Het maakt dat ik mijn zin om te gaan wandelen verlies en onderuitgezakt meer stappen zet in de heerlijke wandelboekjes van Van Oorschot. Ook Mec ligt liever onder een deken.
Die mist is de zoveelste reminder van de rol die licht bij schoonheid speelt. Ik mis de scherpe aftekening van het kerkje aan de horizon, de vijftig tinten oranje van de zonsondergangen en van de sacrale stralen langs de boomstammen.

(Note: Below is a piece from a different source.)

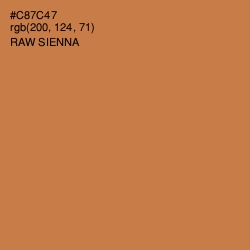 #C87C47 - Raw Sienna Color Image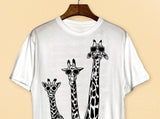 Funny Giraffes With Sunglasses SVG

Begrijp me niet verkeerd: zonder die zon is alles in principe heus nog mooi, zijn er weilanden en heggen, bossen en vergezichten te bespeuren. Het is vooral dat niets er in het bijzonder uitspringt, niets echt binnenkomt, waardoor het begint te zeuren: wanneer komt het licht weer terug? Wanneer lost die mist eens op? Wanneer wordt de waas weer een overdaad aan details?
Een bijkomstigheid is dat al die grijze kilte ervoor zorgt dat het eenmaal buiten makkelijker is om in gedachten op te gaan, je net zo naar binnen te keren als je schouders en je nek.
Toen werd ik plots uit mijn gedachtenstroom gehaald. Mec holde er als een gek vandoor. Drie witte hertenkontjes wipten hypnotiserend op. Ze twijfelden welke kant slim was. Twee van hen sprongen naar links, de derde naar rechts. Mec moest kiezen. Het maakte niet uit, want ze waren allemaal sneller. Ze bewogen als elegante superballerina’s naar heggen die als coulissen om het weiland staan. Mec kwam opgetogen teruggerend, terwijl ik er verwonderd stond te lachen.
In alle grijsheid blijkt de schoonheid niet in het bevroren decor, maar in de beweging te zitten.